Task to complete: Could you write out exactly, and only, the lines from the one containing "Club Royal Wongamat" through the last line of the data, leaving out all pictures?

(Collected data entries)
______

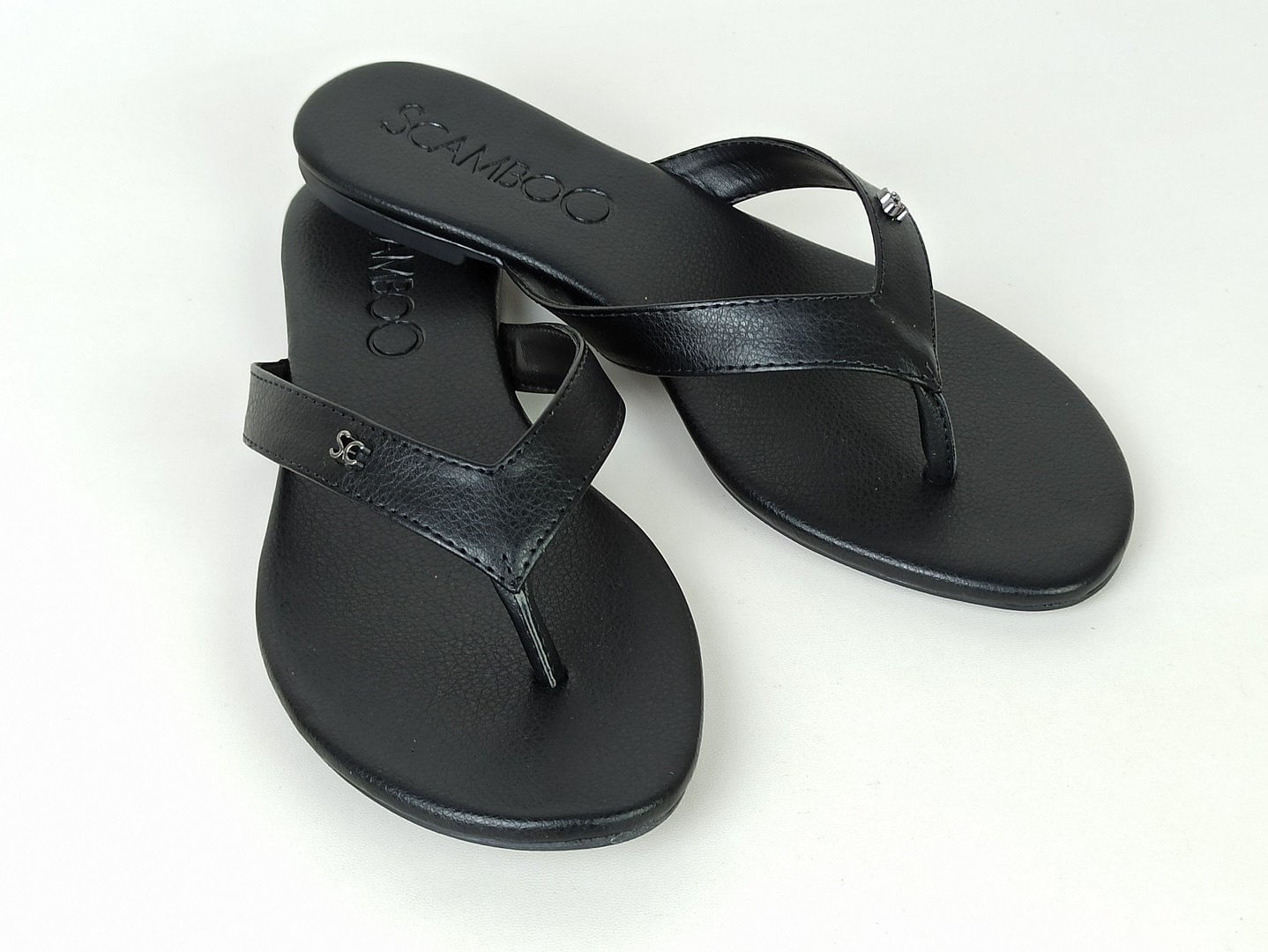 sandalia-rasteira-bico-redondo-preta-30000021_5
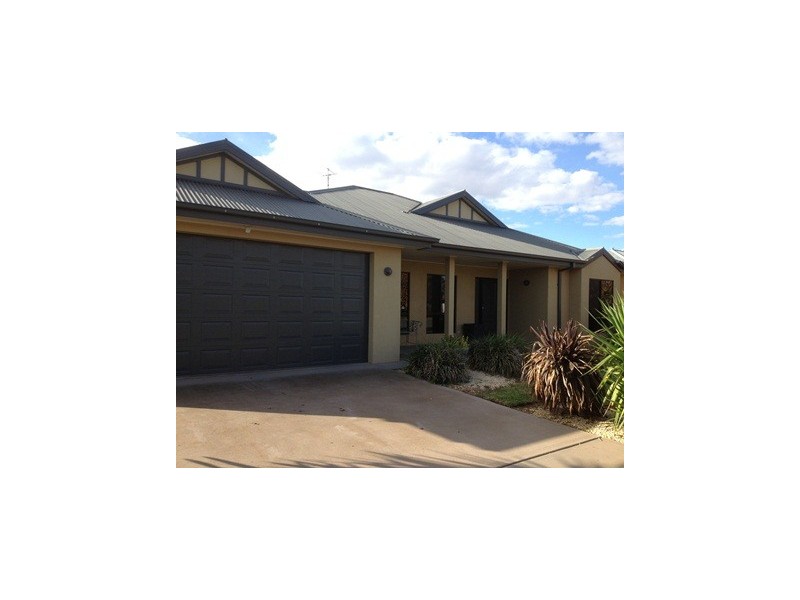13 Galore Street, Lockhart NSW 2656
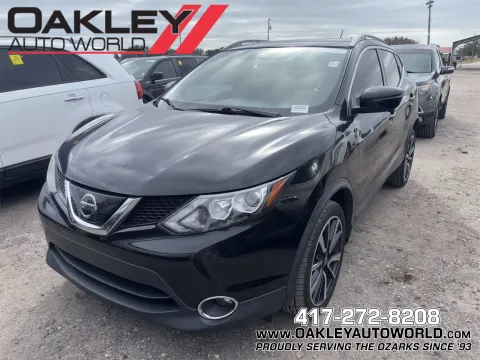 Black 2018 Nissan Rogue Sport SL for sale in Branson West, MO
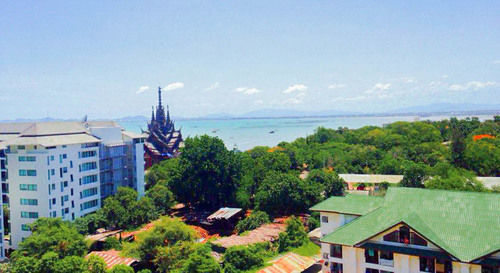 Club Royal Wongamat By Pattaya Sunny Apartment Bang Lamung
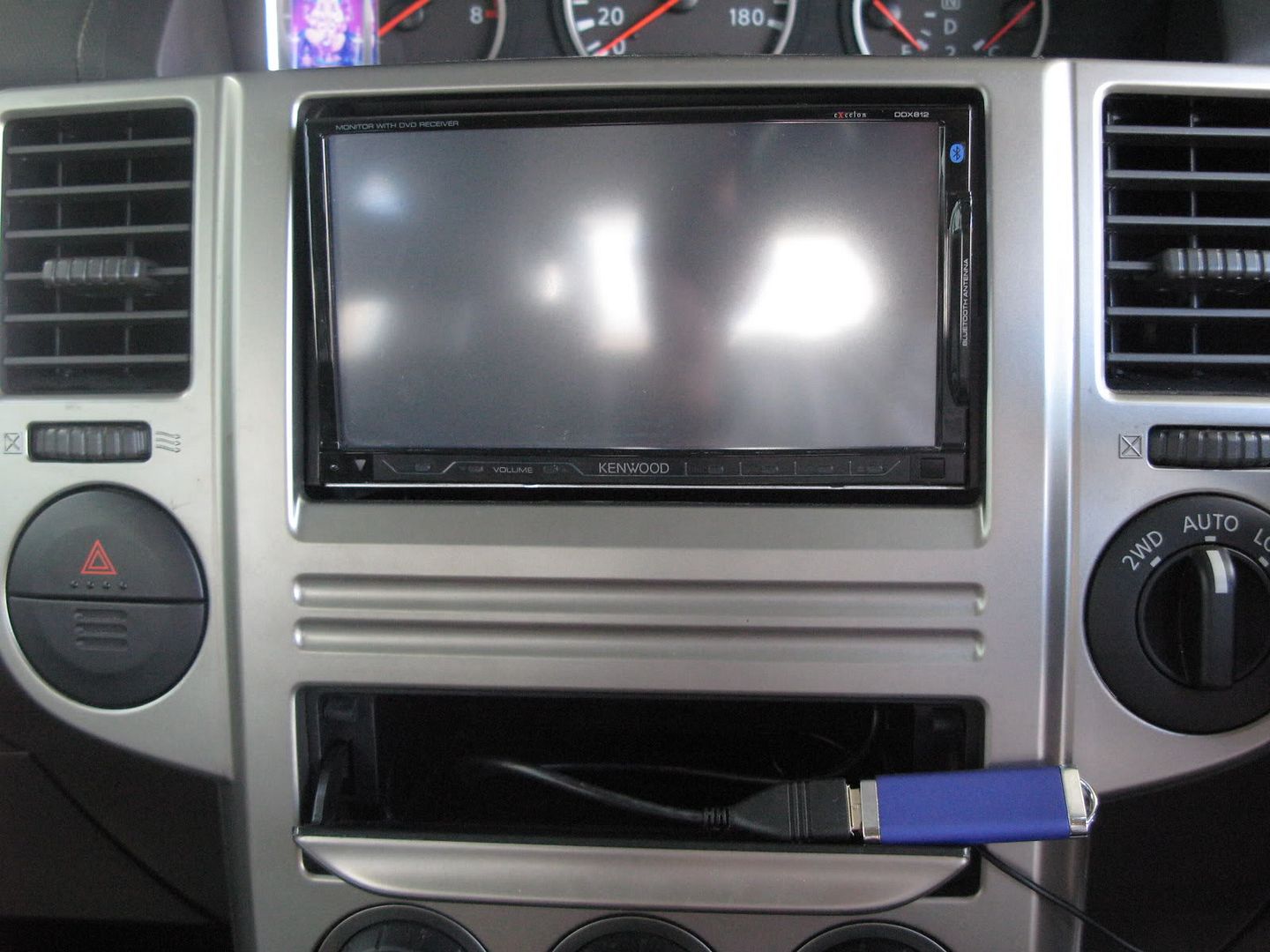 How to remove a nissan xtrail car stereo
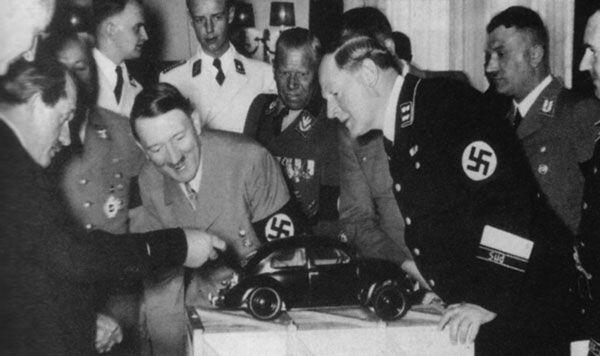 Ferdinand Porsche che mostra un modello della Volkswagen Beetle a Adolf Hitler nel 1935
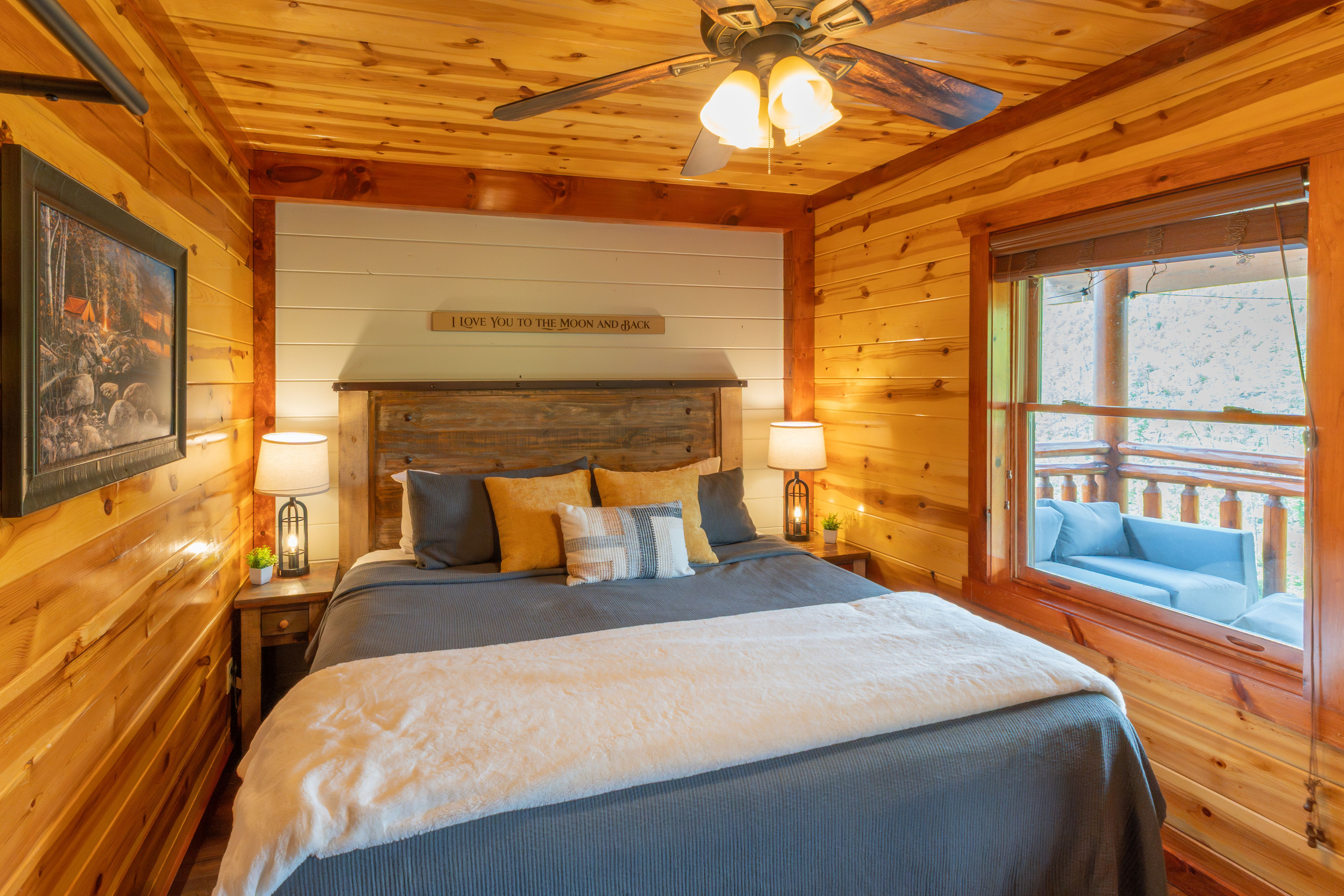 After a day of fun on the town, retreat to the third king bedroom—featuring luxury cotton sheets, cozy bedding, and a mattress made for sweet dreams.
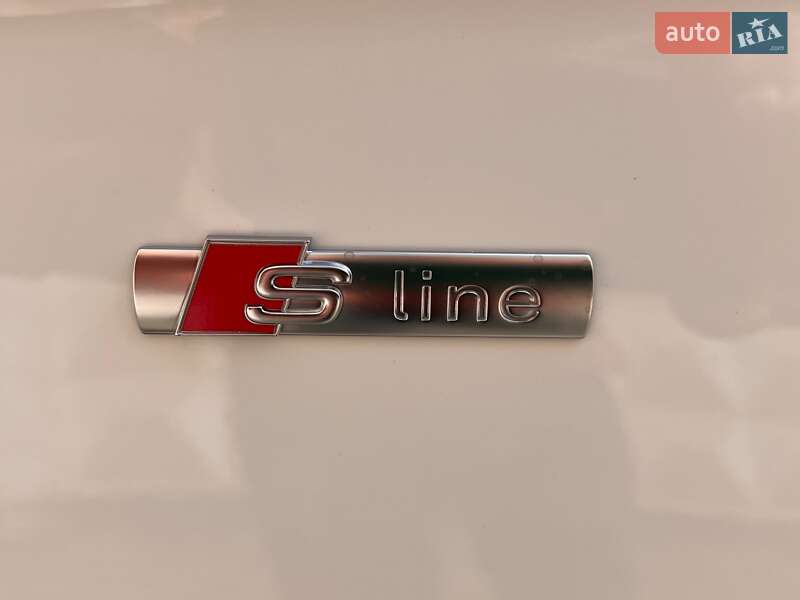 Позашляховик / Кросовер Audi Q5 2022 в Києві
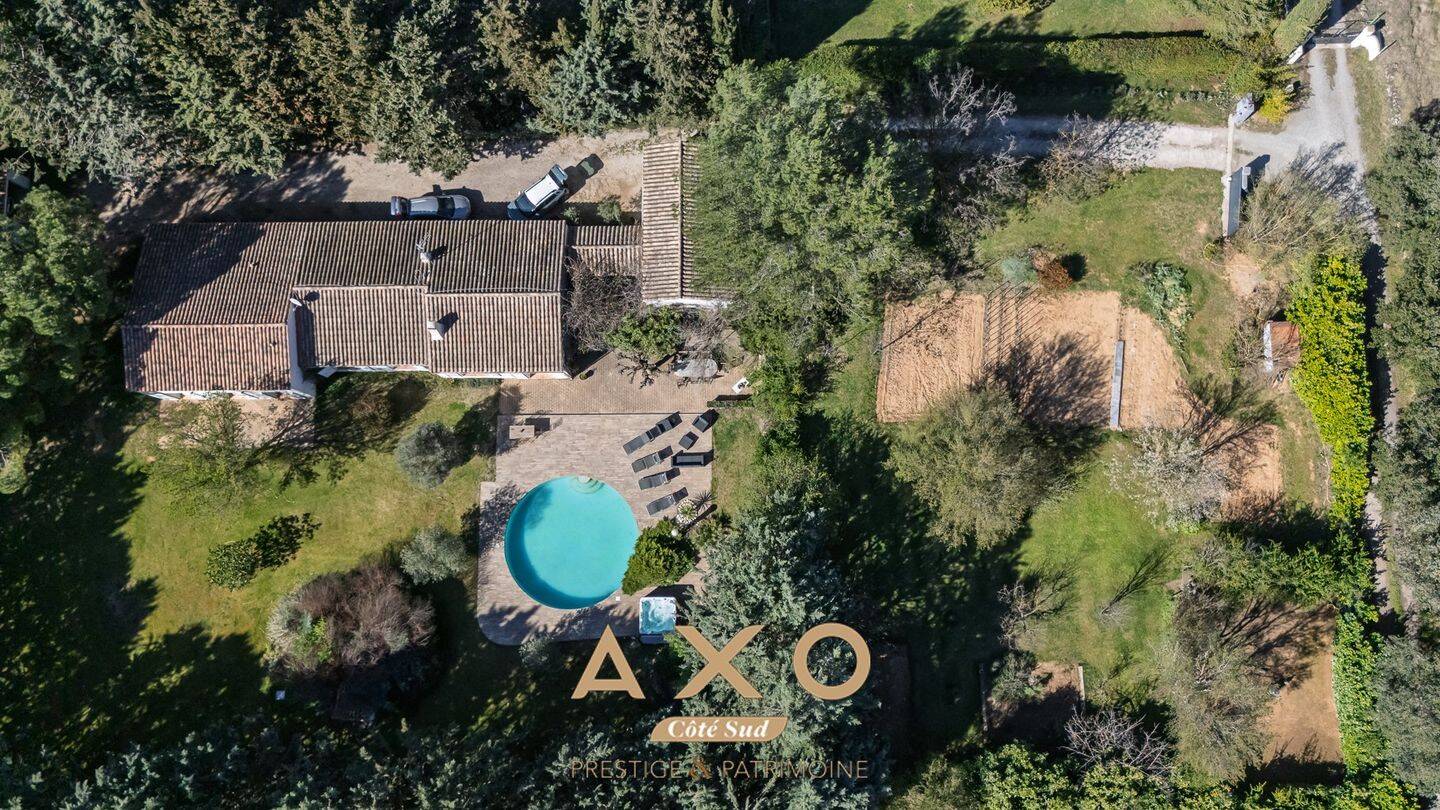 Maison 9 pièces 240 m² · à Jouques · 240 m² · 990 000 €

______

Exercise output:
 Club Royal Wongamat By Pattaya Sunny Apartment Bang Lamung
 How to remove a nissan xtrail car stereo
 Ferdinand Porsche che mostra un modello della Volkswagen Beetle a Adolf Hitler nel 1935
 After a day of fun on the town, retreat to the third king bedroom—featuring luxury cotton sheets, cozy bedding, and a mattress made for sweet dreams.
 Позашляховик / Кросовер Audi Q5 2022 в Києві
 Maison 9 pièces 240 m² · à Jouques · 240 m² · 990 000 €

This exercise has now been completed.